Richard_Ngo Mar 20, 2024, 6:55 AM
7 points
0
In UDT2, when you’re in epistemic state Y and you need to make a decision based on some utility function U, you do the following:
1. Go back to some previous epistemic state X and an EDT policy (the combination of which I’ll call the non-updated agent).
2. Spend a small amount of time trying to find the policy P which maximizes U based on your current expectations X.
3. Run P(Y) to make the choice which maximizes U.

The non-updated agent gets much less information than you currently have, and also gets much less time to think. But it does use the same utility function. That seems… suspicious. If you’re updating so far back that you don’t know who or where you are, how are you meant to know what you care about?
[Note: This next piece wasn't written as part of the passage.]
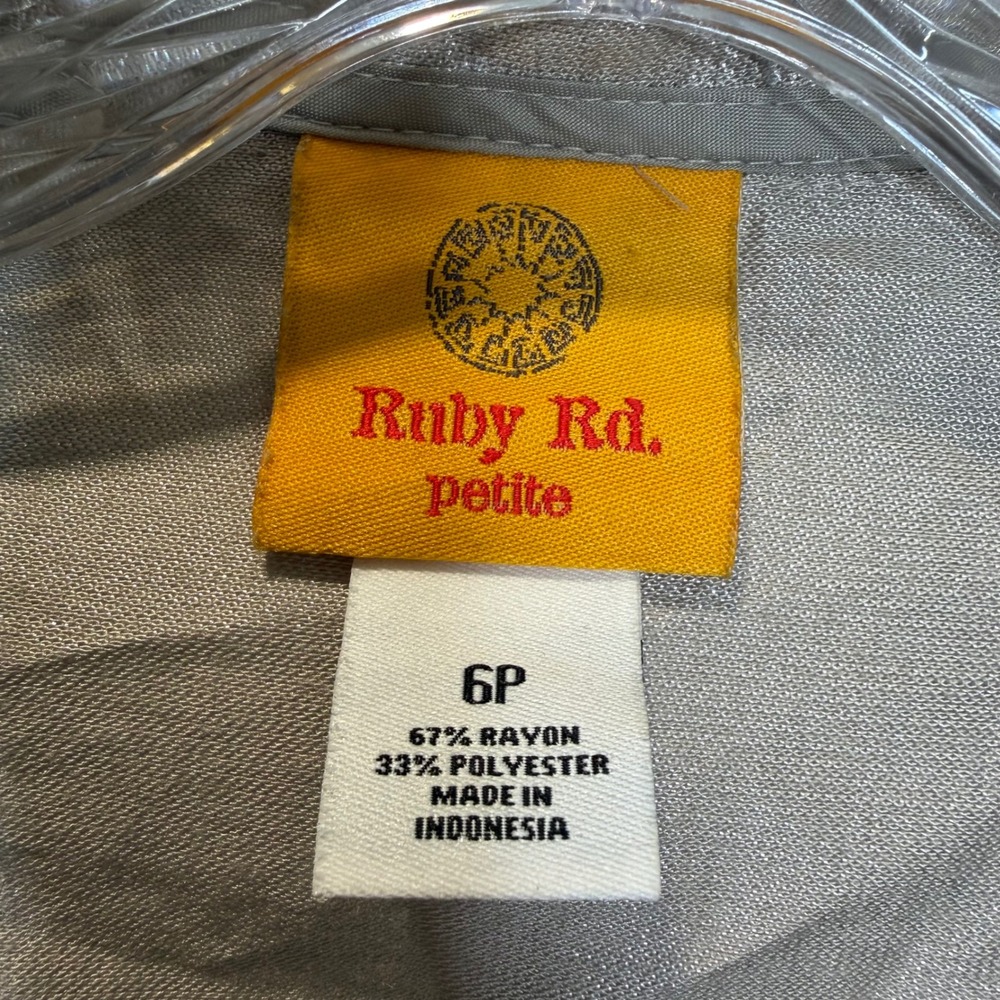 Ruby Rd Petite Metallic Silver Jacket Women Size 6P Button Front Collared Casual - Picture 3 of 4
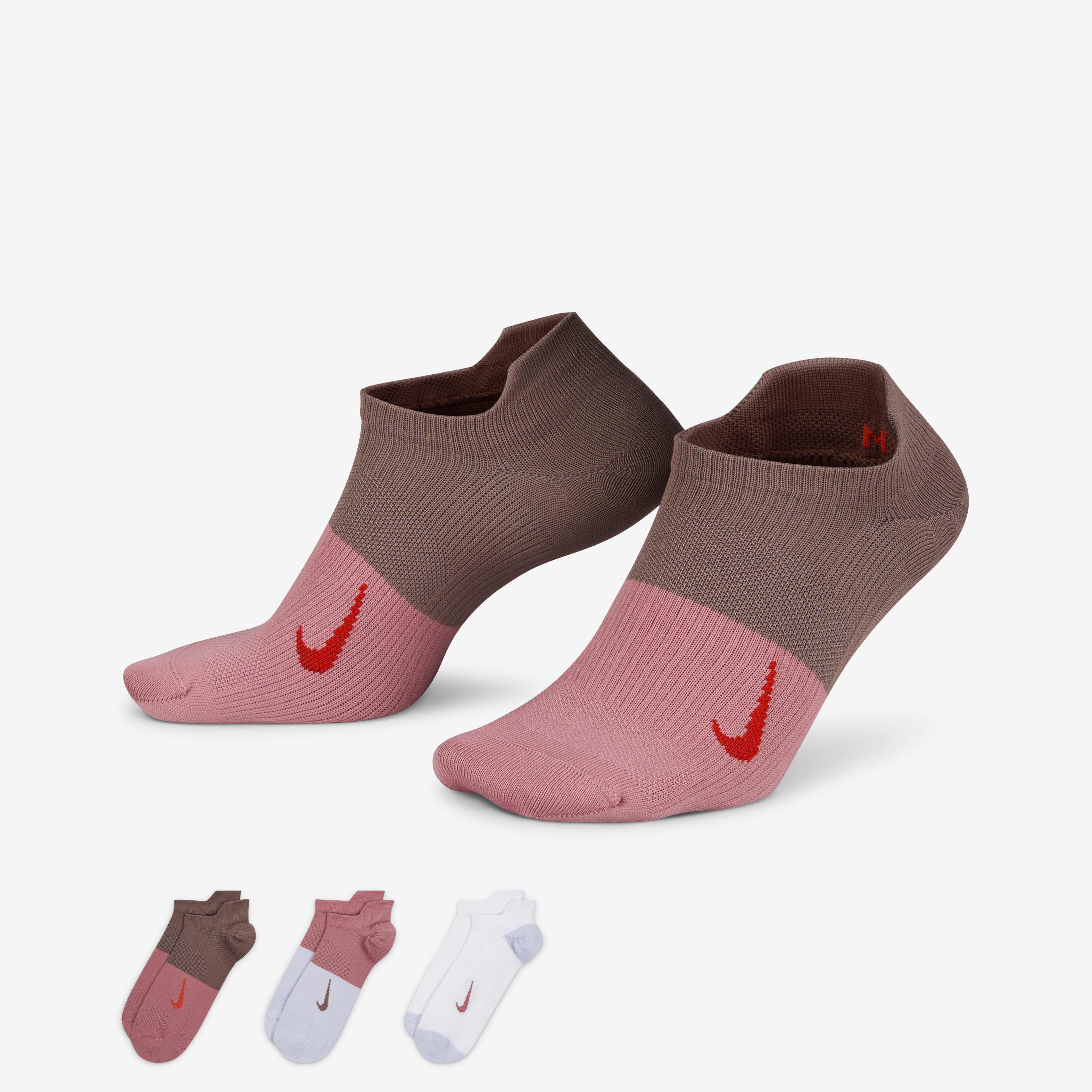 نايكي ايفريداي بلاس لايتويت image number 0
What happens if the non-updated agent doesn’t get given your utility function? On its face, that seems to break its ability to decide which policy P to commit to. But perhaps it could instead choose a policy P(Y,U) which takes as input not just an epistemic state, but also a utility function. Then in step 2, the non-updated agent needs to choose a policy P that maximizes, not the agent’s current utility function, but rather the utility functions it expects to have across a wide range of future situations.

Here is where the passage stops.